### [Problem statement]
Give back the lines below exactly, but do not include any pictures.

### [Provided data]
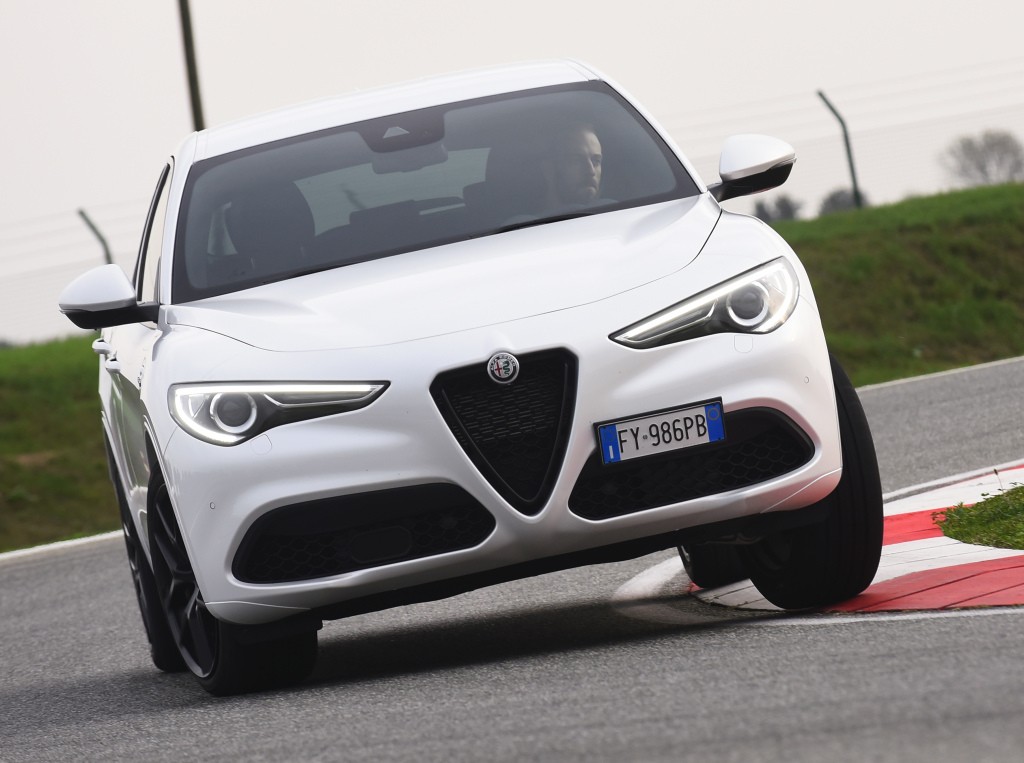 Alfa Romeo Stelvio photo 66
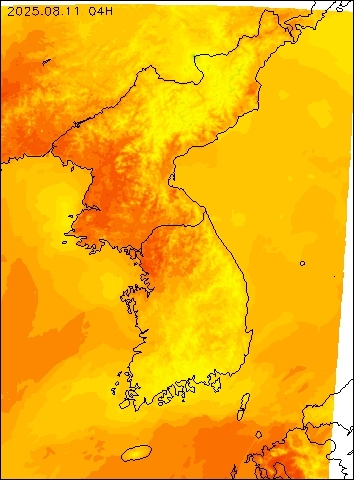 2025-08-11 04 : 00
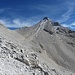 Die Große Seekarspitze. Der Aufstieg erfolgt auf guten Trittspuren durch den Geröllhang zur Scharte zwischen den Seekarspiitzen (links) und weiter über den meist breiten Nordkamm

### [Answer box]
 Alfa Romeo Stelvio photo 66
 2025-08-11 04 : 00
 Die Große Seekarspitze. Der Aufstieg erfolgt auf guten Trittspuren durch den Geröllhang zur Scharte zwischen den Seekarspiitzen (links) und weiter über den meist breiten Nordkamm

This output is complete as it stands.